Наконец, поминальный обряд, телесное переживание восстающего (слова Хлебникова) описаны так: «у меня как-то отнялись руки». И условность смерти, ее умозрительность и, с другой стороны, реальность так соотносится с миром слов: «что такое слово смерть, когда она застает тебя врасплох». Хлебникова интересует, как при этом можно быть «более слово, чем слева» («Вечер, тени, сени, лени»).

Жизнь Хлебникова показывает диаметрально разнесенные мысль и действие, которые идут в разные стороны, но синхронно повторяют друг друга. В другом письме он пишет: «пьянею числами, практически утратил чувствительность». В этом состоит хлебниковский «закон качелей». Его полная отрешенность, как у Рембо, позволяет создать точнейшую, доисторическую картину природы, заставить дышать впаянные в могильный камень трилобиты («Могилы вольности – Каргебиль и Гуниб»), книгу иранских гор («Тиран без Т») – книгу природы, которую читает вслух «святче Божий».

3.

Еще одна мысль, отвлеченно высказанная в письме к Матюшину, была пережита затем в действительности Королем Времени: «смерть есть один из видов чумы». И Хлебников «одел сапогом (эту) чуму». Роль чумы в его жизни сыграли тиф и цинга. Хлебников перенес два тифа — того тифа, о котором он писал: «на смену что войне придет: сыпняк» («Ночь в окопе»). Хлебников видел не только страшный мертвый полк, вкопанный в озеро («Смерть в озере»), он наверняка видел и мертвых от тифа, уложенные в штабеля.

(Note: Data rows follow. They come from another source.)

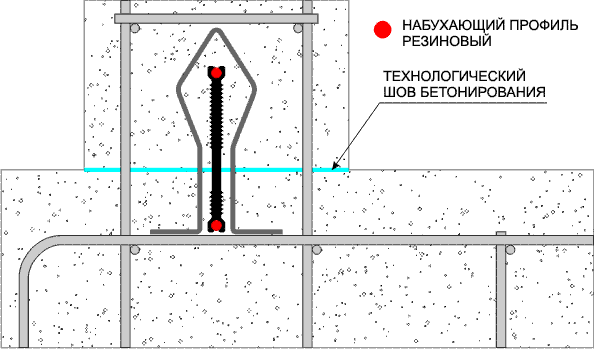 монтажная схема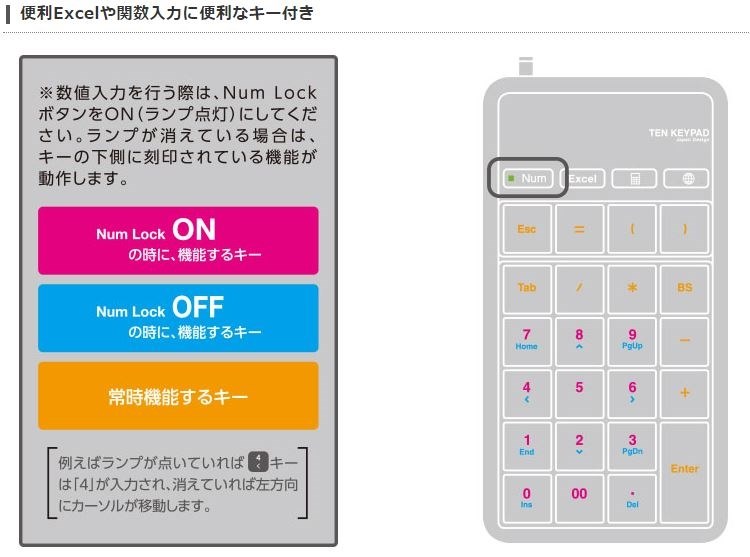 NumLockやボタン一つでExcelなどを起動できる3種のホットキー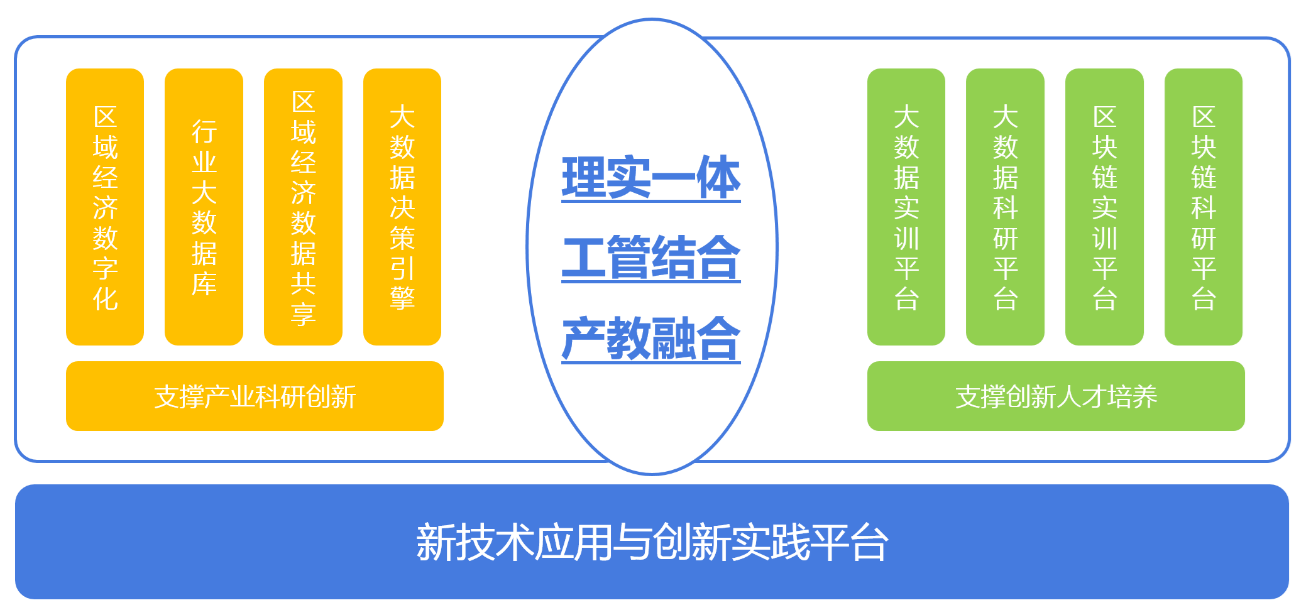 大數(shù)據(jù)營銷實訓(xùn)平臺流程圖
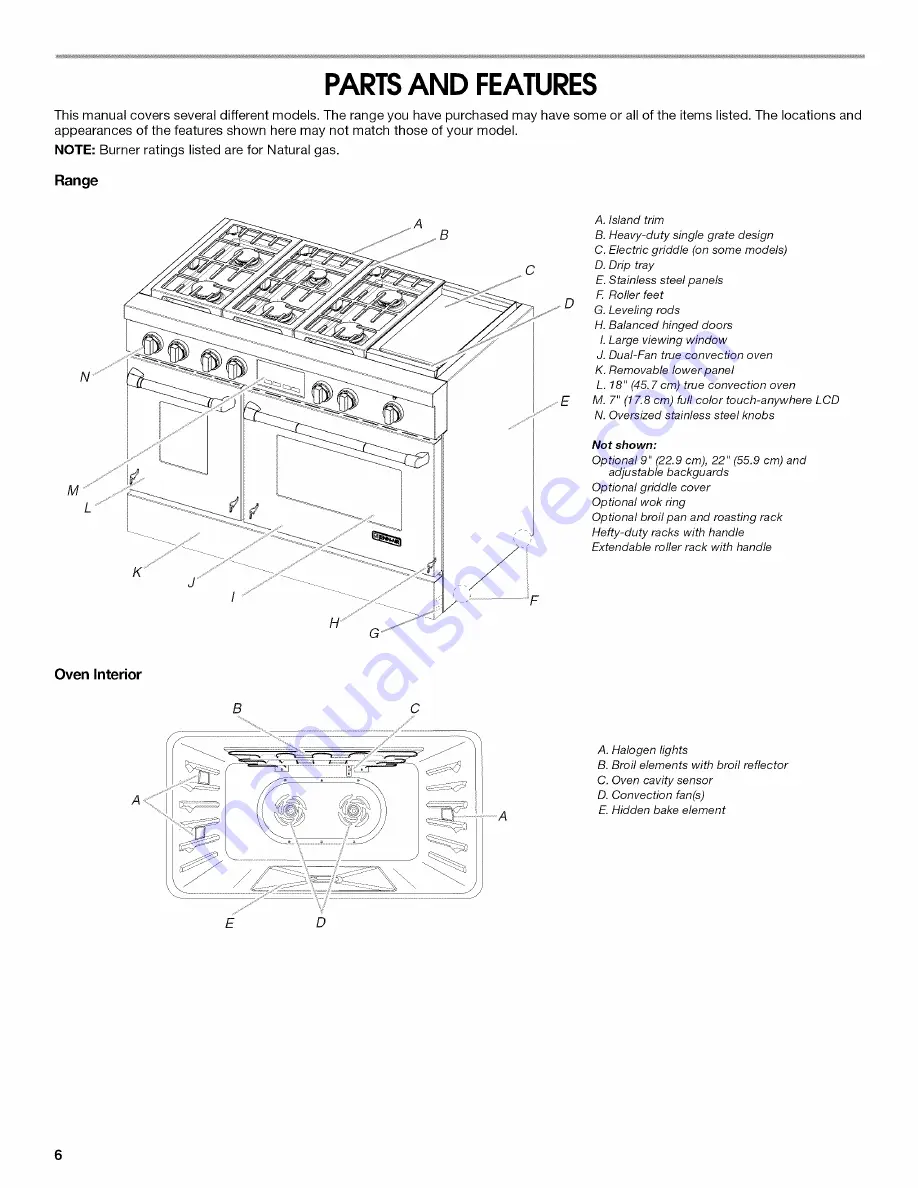 Jenn-Air JDRP430WP01 Скачать руководство пользователя страница 6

Полностью подорвавший свое здоровье, проведший полгода в сумасшедшем доме, (что спасло его от смерти), он, однако, пишет в Кисловодске меньше чем за год до смерти: «в этом я ручье Нарзана облил тело свое, возмужал и окреп и собрал себя воедино». «Сон лучей» и «шествие осеней Пятигорска» становится для него прозрением собственной смерти, и солнце и иней становятся ее образами, бросившими золото листьев — как в немецкой сказке, где дьявол дарит мешок золота, который оборачивается ветошью и пожухлой листвой.

Все оголилось. Золото струилось.
Вот дерева призрак колючий:
В нем сотни червонцев блестят!

Здесь же листва становится золотом, золотухой, и тем полуденным золотом, о котором Хлебников пишет в 1908 году в стихотворении «Крымское»: «небо веет полуденным золотом, ах, об эту пору все мы верим, все мы молоды». Теперь на смену приходит книга «записок стыдесной земли», где «носятся бесшумно духи» духовной голодухи, и выстрелы Чеки вымарывают эту рукопись.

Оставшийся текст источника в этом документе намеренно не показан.